Exercise
Reproduce, exactly and only, the lines of the data that follows from the one containing "Photo 6 from" down to the one containing "Kia The New", without pictures.

Data for processing
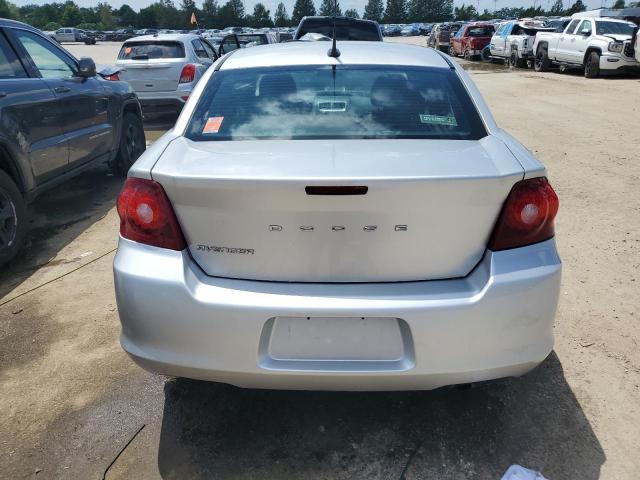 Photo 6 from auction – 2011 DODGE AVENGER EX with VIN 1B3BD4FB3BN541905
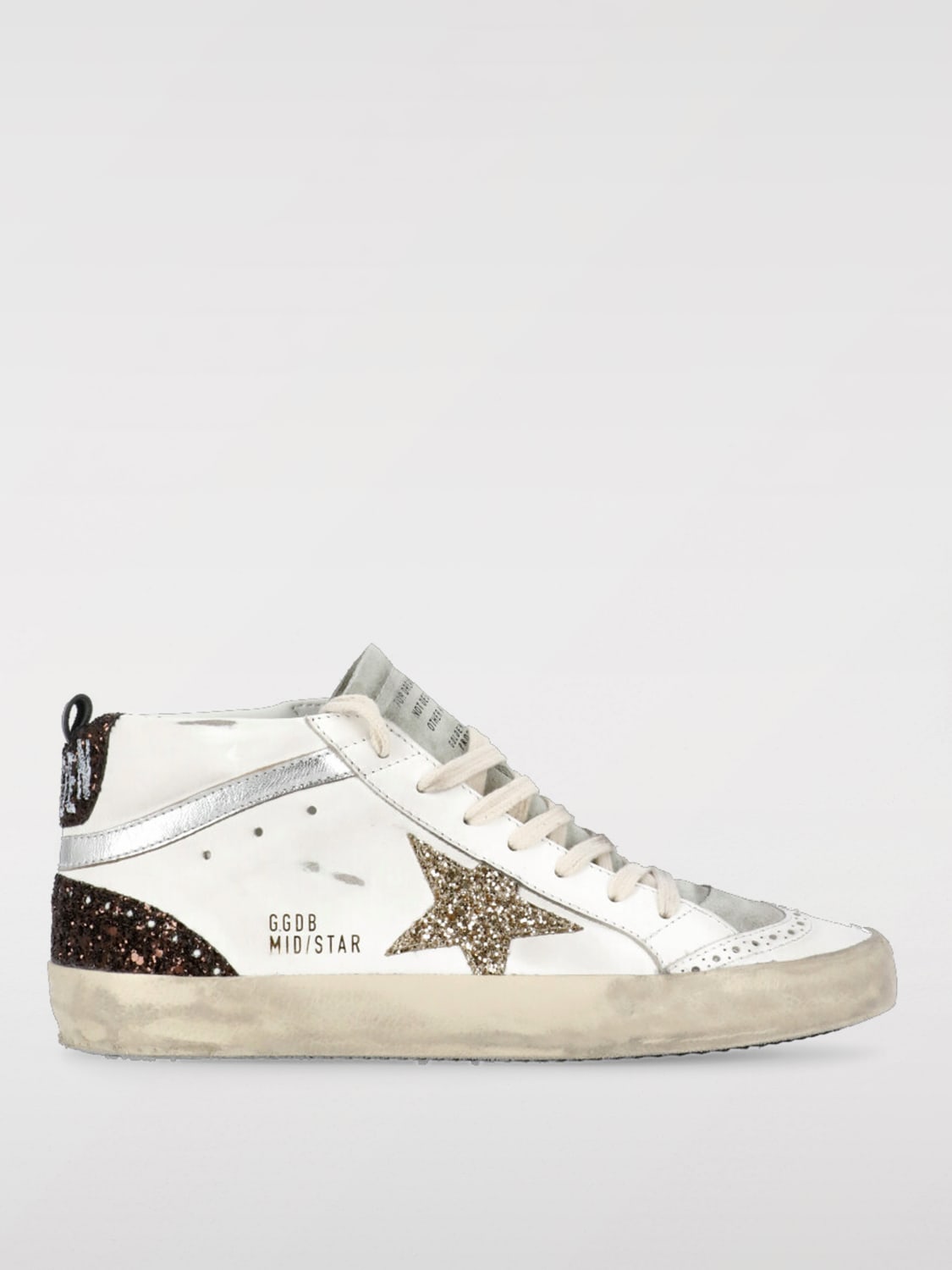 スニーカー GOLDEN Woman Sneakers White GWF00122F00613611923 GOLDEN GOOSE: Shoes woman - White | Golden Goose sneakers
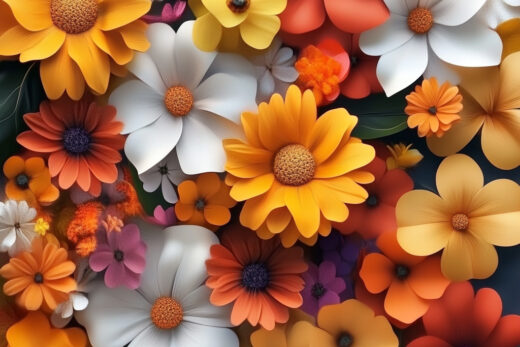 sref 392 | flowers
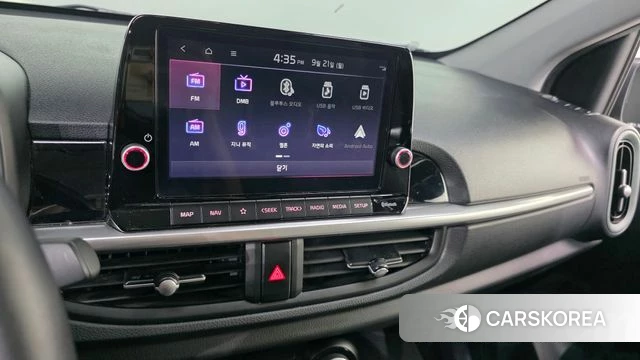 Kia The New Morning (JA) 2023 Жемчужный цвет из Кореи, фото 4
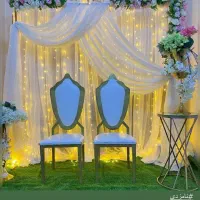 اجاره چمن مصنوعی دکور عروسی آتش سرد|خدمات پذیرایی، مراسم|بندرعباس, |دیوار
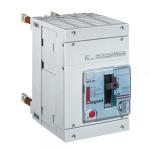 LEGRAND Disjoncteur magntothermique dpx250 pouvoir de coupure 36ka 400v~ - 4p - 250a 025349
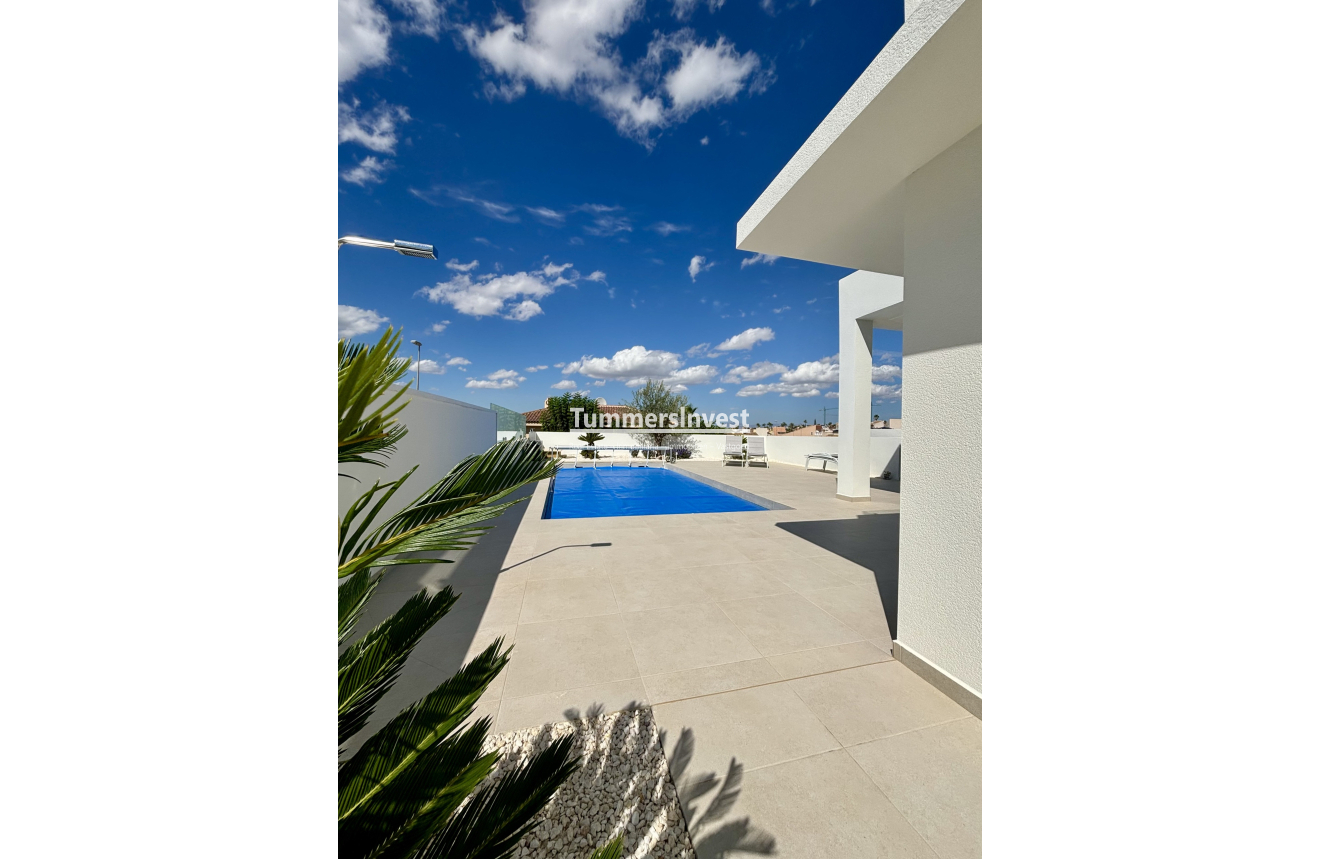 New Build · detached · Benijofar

==

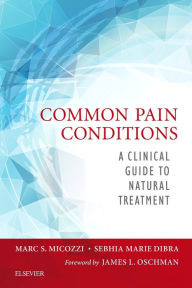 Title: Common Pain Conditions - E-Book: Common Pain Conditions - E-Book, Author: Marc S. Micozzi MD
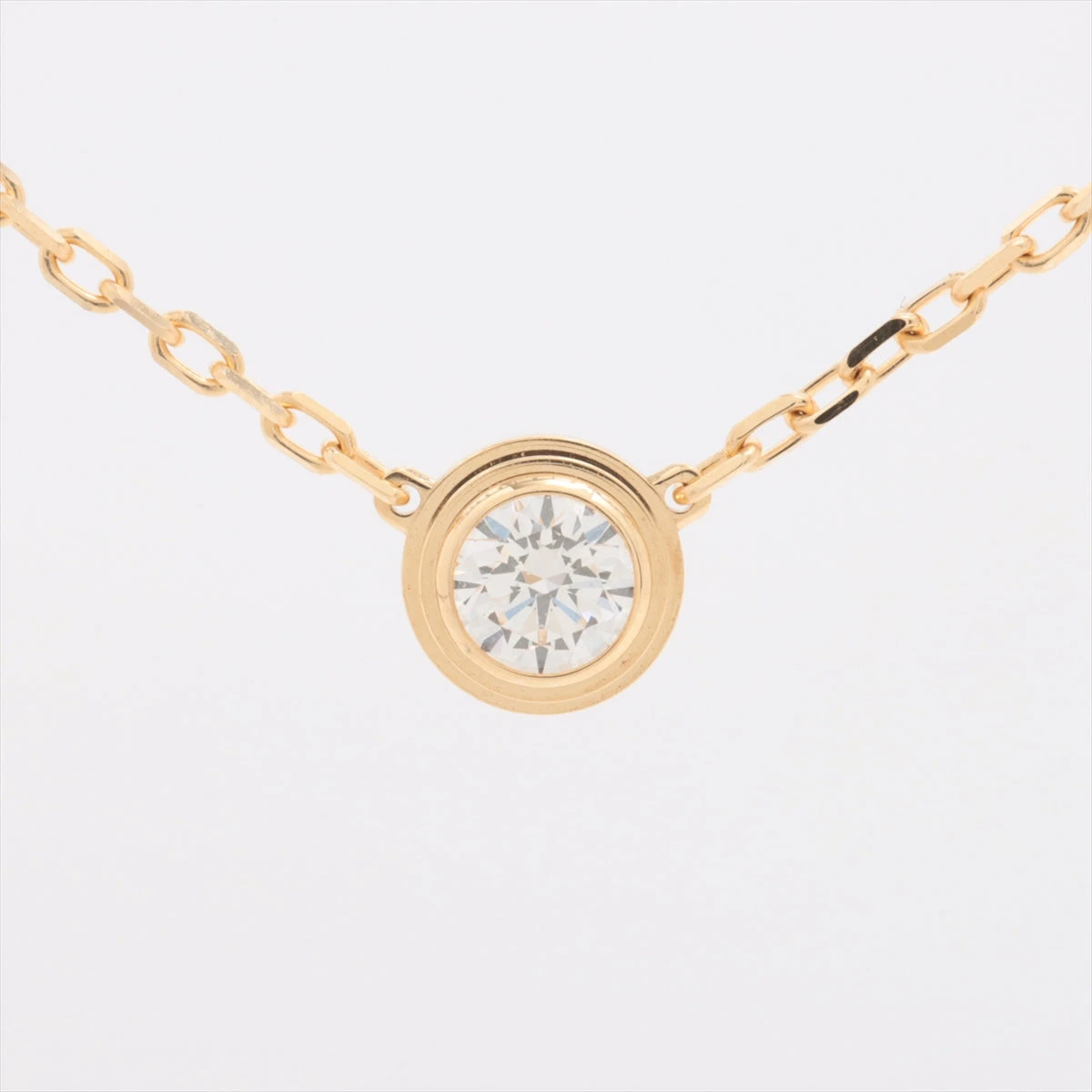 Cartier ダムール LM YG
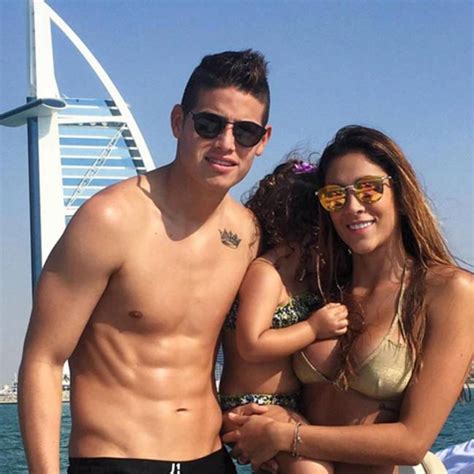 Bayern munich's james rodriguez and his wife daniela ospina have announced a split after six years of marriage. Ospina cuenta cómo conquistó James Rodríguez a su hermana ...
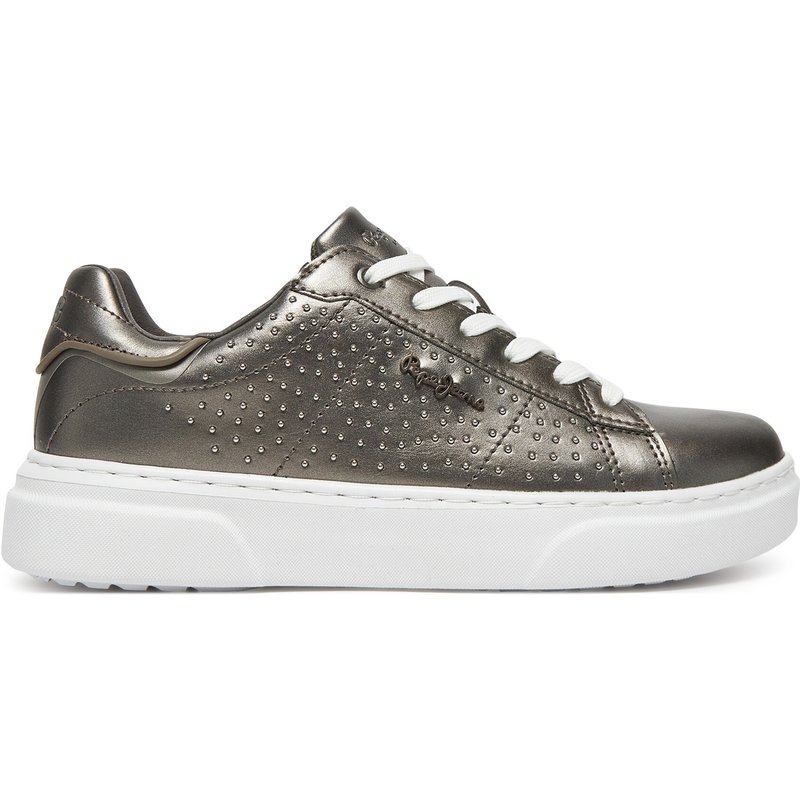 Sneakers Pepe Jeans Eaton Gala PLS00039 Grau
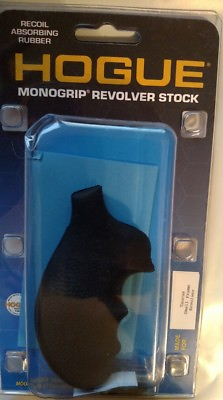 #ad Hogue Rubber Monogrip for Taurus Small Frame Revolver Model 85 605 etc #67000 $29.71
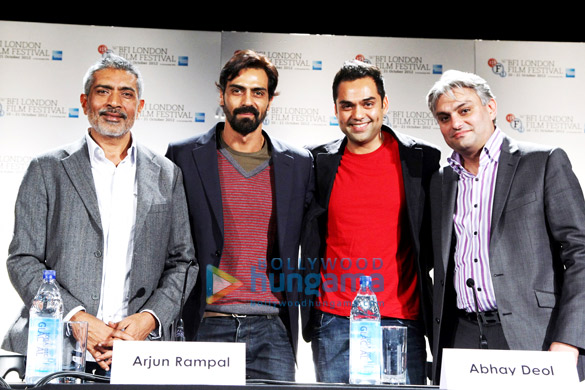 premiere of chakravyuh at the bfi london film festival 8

--

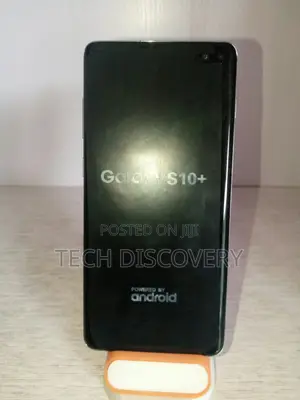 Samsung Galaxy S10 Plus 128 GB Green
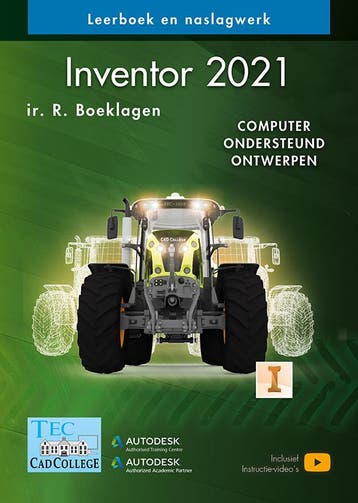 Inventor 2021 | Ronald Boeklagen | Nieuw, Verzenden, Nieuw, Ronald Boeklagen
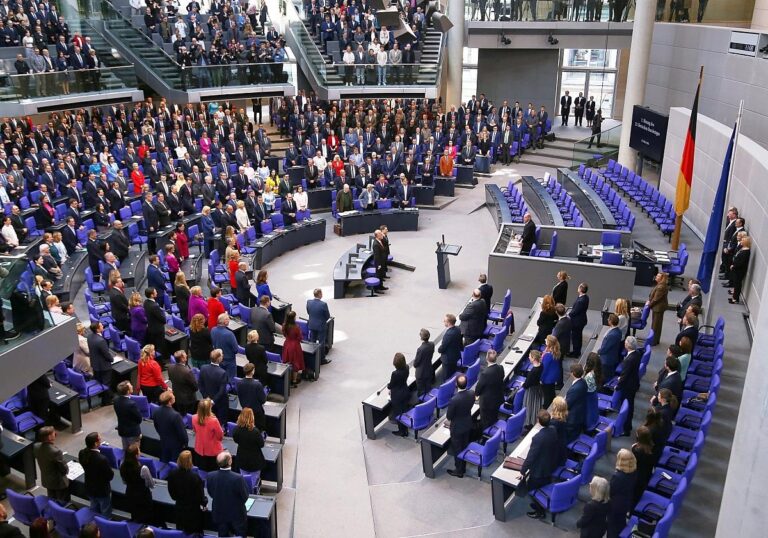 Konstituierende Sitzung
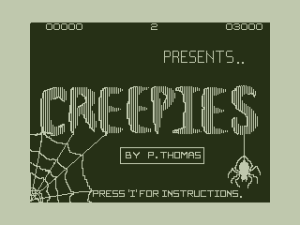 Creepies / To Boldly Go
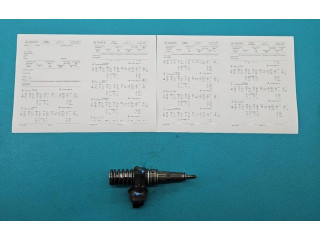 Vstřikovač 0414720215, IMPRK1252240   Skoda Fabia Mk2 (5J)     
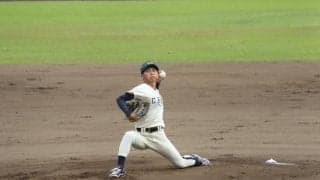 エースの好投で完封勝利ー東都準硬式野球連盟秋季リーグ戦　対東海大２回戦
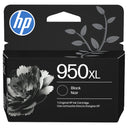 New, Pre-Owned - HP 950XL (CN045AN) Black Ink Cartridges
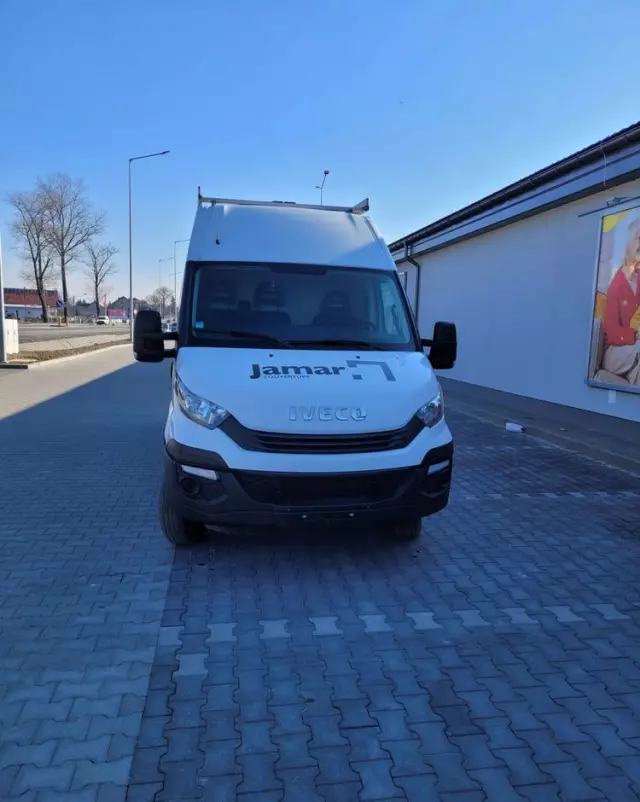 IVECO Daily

Exercise answer
 Photo 6 from auction – 2011 DODGE AVENGER EX with VIN 1B3BD4FB3BN541905
 スニーカー GOLDEN Woman Sneakers White GWF00122F00613611923 GOLDEN GOOSE: Shoes woman - White | Golden Goose sneakers
 sref 392 | flowers
 Kia The New Morning (JA) 2023 Жемчужный цвет из Кореи, фото 4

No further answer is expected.